Me hablaba hace pocos días mi amigo Joselu, el eléctrico, que va a comenzar una Promoción  en la zona de Murcia, en la que conseguirán un precio de venta para una vivienda de 3D, por 160.000,- €.  Begoña, la Reina de Las Avenidas del Garbinet Alicantino, me hablaba, hace poco, también, que ella estaba por iniciar la venta de unas viviendas de 2D, en la Zona de La Playa de San Juan, desde 150.000,- €.   Eso supone, mas o menos, vender entre 1.300 y 1.500 €/m2 de techo construido. A mi me sigue pareciendo caro, o casi caro, hablar de precios por encima de los 1.300 €/m2, pero a pesar de ello no creo que ese sea el problema principal, pues éste debe estar, o sigue estando en que hay una importante desconfianza en su futuro y a corto, en el sector de la demanda mas apetecible y más numerosa que, quizás generalizando demasiado, esté en el grupo de empleados y profesionales ocupados  de edades entre 29/45 años.

Por tanto cuando el crecimiento de nuestra economía empiece a generar empleo y los precios lleguen a su suelo natural, entonces, solo entonces, amigo Promotor de Novelda, entonces se venderán viviendas nuevas, pero para ponértelo un poco menos fácil tendré que decirte que todo eso será así si las 500.000 viviendas, más o menos y según quien, que andan por el mercado nacional y en manos, la mayoría de ellas, de La Banca, encuentran comprador para entonces.

Replantearse el tamaño de nuestro tejido profesional, laboral y empresarial cercano al mundo del ladrillo es algo inevitable, nunca será lo que fue en el boom del 1995/2005 que fue, a su fin, asesino de empresas y de frustraciones profesionales de muchos Ahora  y por tanto, el problema será que hacer con todos aquellos brillantes y entusiastas universitarios que emprendieron sus carreras técnicas en los años de ese boom y que ahora se preguntan que por qué a ellos, y que hacer con su título y con su vida.

O sea, si alguien te dice que tiene un niño arquitecto y que lleva dos años buscando quehacer, dile que se vaya a Arabia, a Brasil o a China, por ahí puede que tenga un futuro más inmediato.

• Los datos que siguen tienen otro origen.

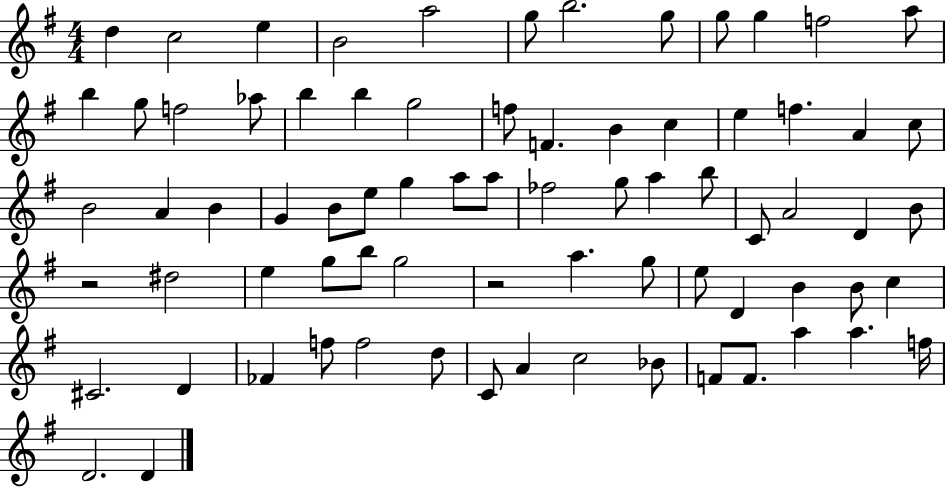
D5/q C5/h E5/q B4/h A5/h G5/e B5/h. G5/e G5/e G5/q F5/h A5/e B5/q G5/e F5/h Ab5/e B5/q B5/q G5/h F5/e F4/q. B4/q C5/q E5/q F5/q. A4/q C5/e B4/h A4/q B4/q G4/q B4/e E5/e G5/q A5/e A5/e FES5/h G5/e A5/q B5/e C4/e A4/h D4/q B4/e R/h D#5/h E5/q G5/e B5/e G5/h R/h A5/q. G5/e E5/e D4/q B4/q B4/e C5/q C#4/h. D4/q FES4/q F5/e F5/h D5/e C4/e A4/q C5/h Bb4/e F4/e F4/e. A5/q A5/q. F5/s D4/h. D4/q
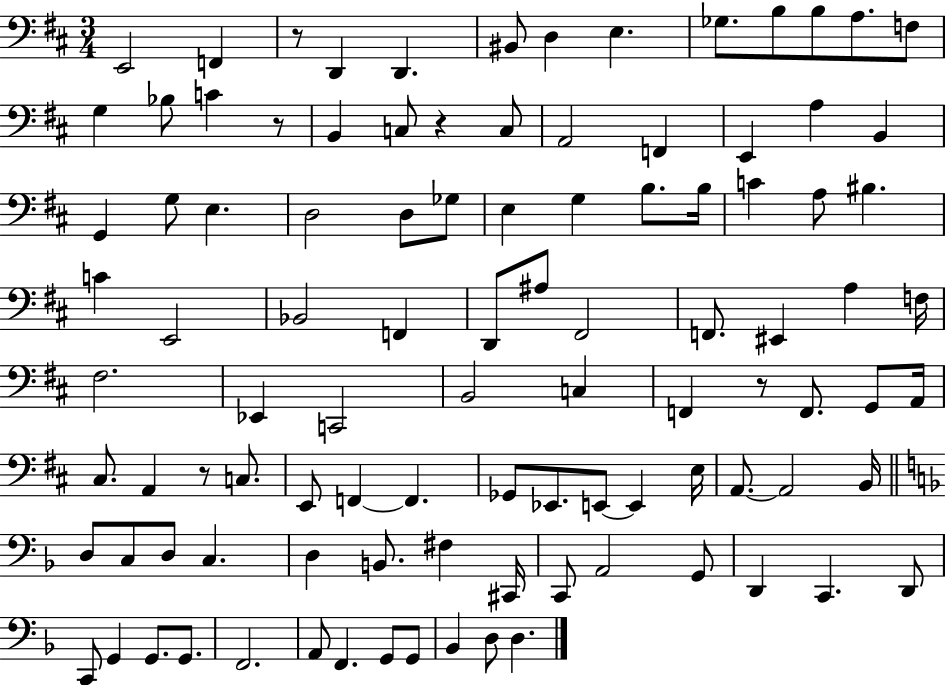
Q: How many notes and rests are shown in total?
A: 101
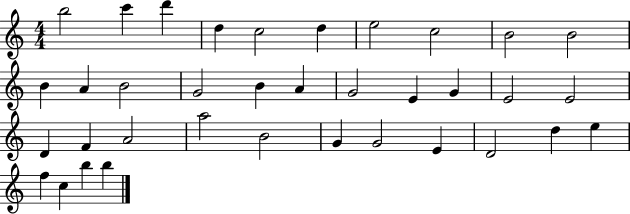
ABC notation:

X:1
T:Untitled
M:4/4
L:1/4
K:C
b2 c' d' d c2 d e2 c2 B2 B2 B A B2 G2 B A G2 E G E2 E2 D F A2 a2 B2 G G2 E D2 d e f c b b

También hay otra alternativa que es formarse en alguna especialidad que de verdad le sume en su CV, que monte negocios emprendedores de nuevo cuño, o que se haga amigo de algún bancario de élite que le de la venta de parte de ese pastel inmobiliario que les está matando. No valdrá aquí, y me abstengo de hacerlo, recomendarle que se haga de las bases de algún partido político y aspirar a un cargo electo o de asesor de algún Presidente o Diputado Provincial, pues sería algo absolutamente inmoral, por muy práctico e inteligente que pareciera para sus padres.